[Available records Boundary: Start]

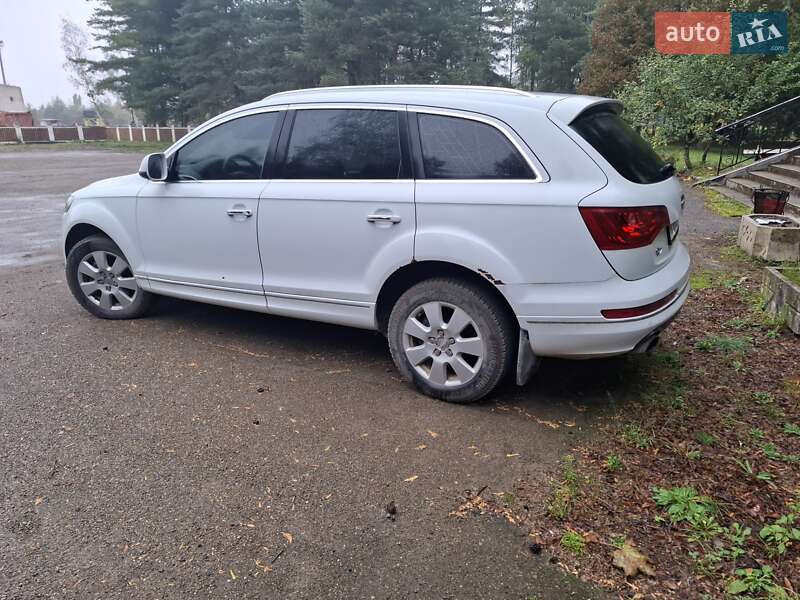 Внедорожник / Кроссовер Audi Q7 2013 в Стрые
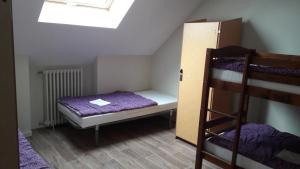מיטה או מיטות קומותיים בחדר ב-Gîte Familial et Rural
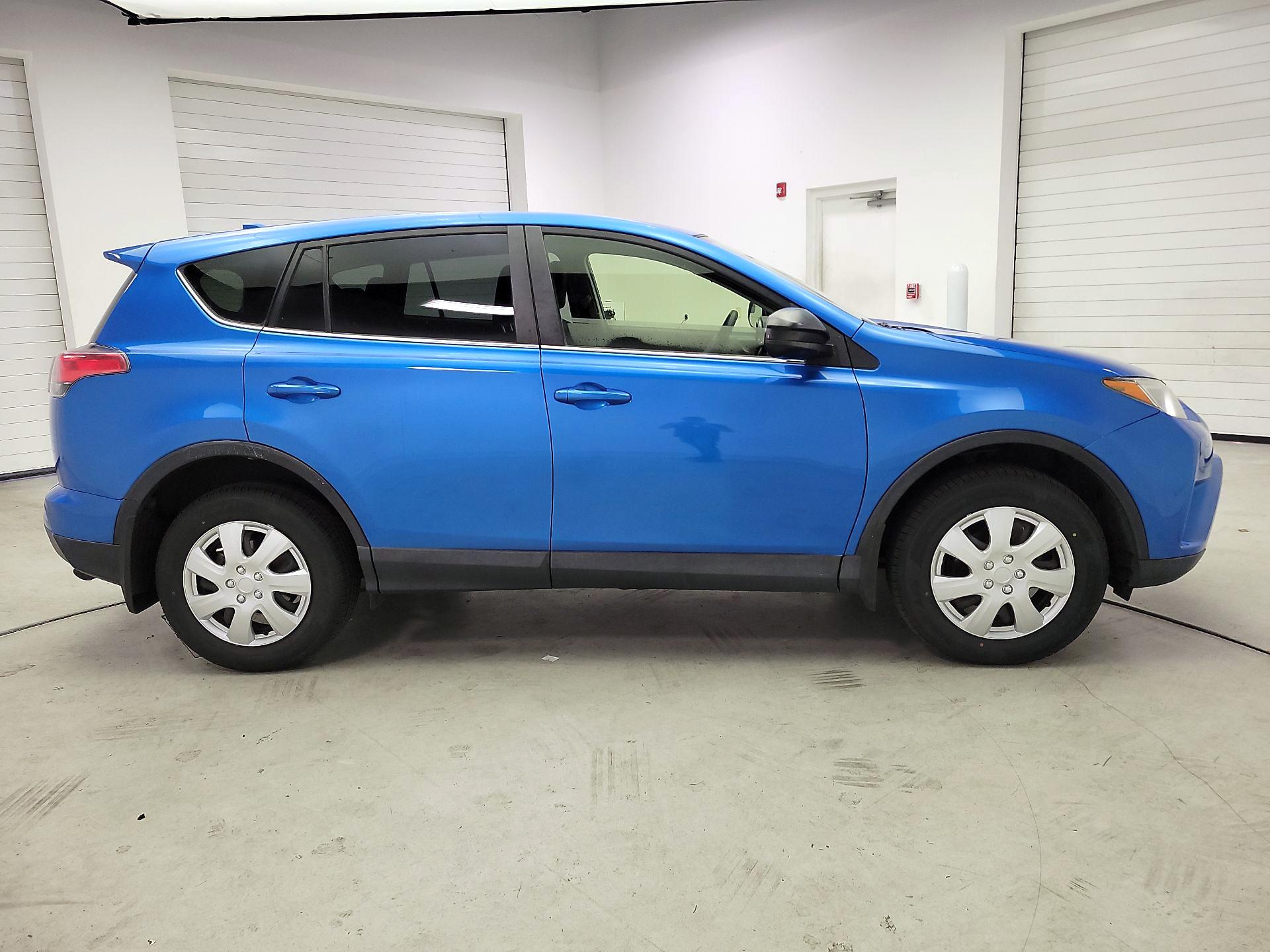 Thumbnail: 2018 Toyota RAV4 - 4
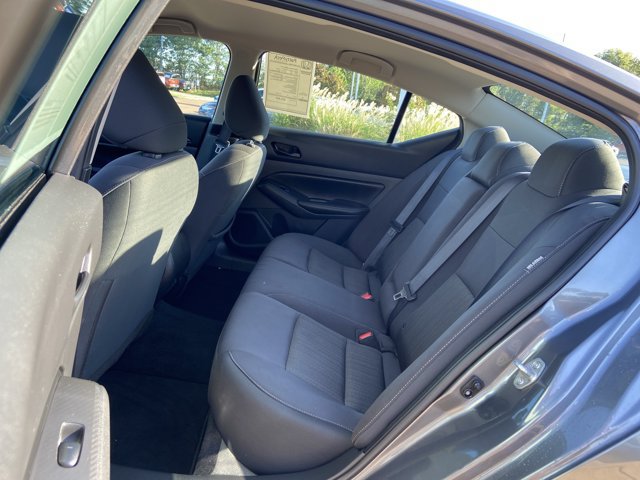 Used 2025 Nissan Altima 2.5 SV FWD image 16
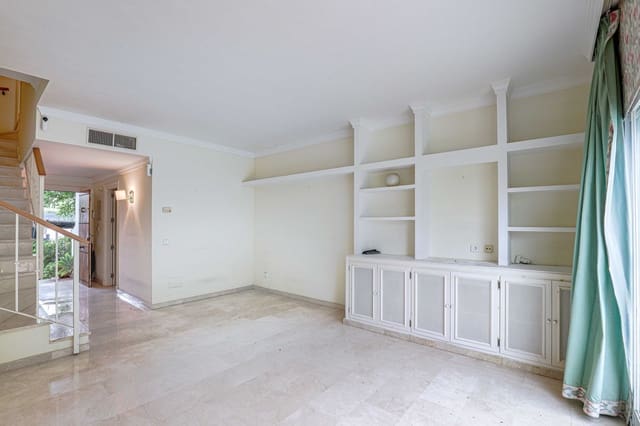 Casa de 2 habitaciones en La Quinta, Benahavís en venta - 500.000 € (Ref: 9651517)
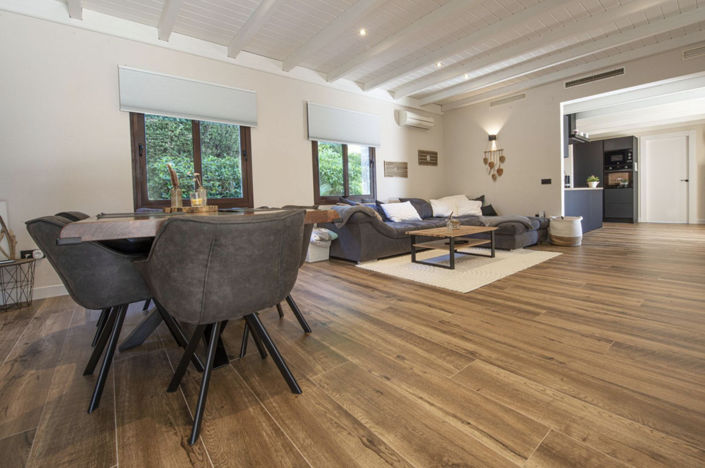 Image No.10-5 Bed Property for sale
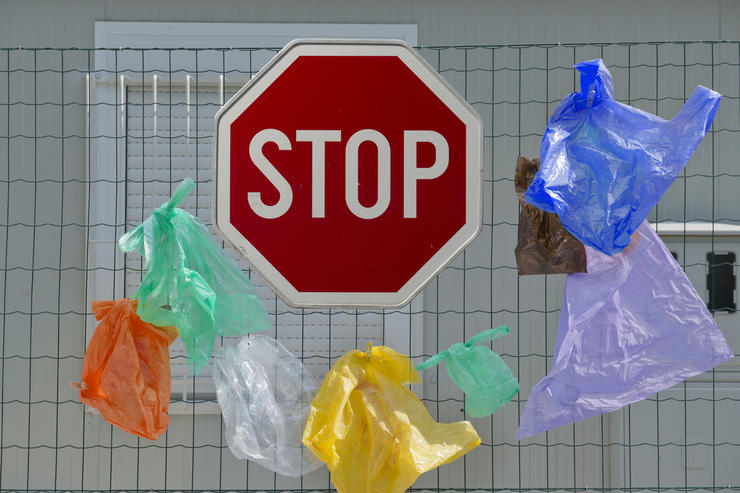 В Україні від сьогодні заборонено безкоштовно розповсюджувати пластикові пакети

[Available records Boundary: End]

■ To do: The answer is the lines above from the one with "מיטה או מיטות" to the one with "Image No.10-5 Bed Property for sale", set down exactly, with no pictures.

■ Answer below:
מיטה או מיטות קומותיים בחדר ב-Gîte Familial et Rural
 Thumbnail: 2018 Toyota RAV4 - 4
 Used 2025 Nissan Altima 2.5 SV FWD image 16
 Casa de 2 habitaciones en La Quinta, Benahavís en venta - 500.000 € (Ref: 9651517)
 Image No.10-5 Bed Property for sale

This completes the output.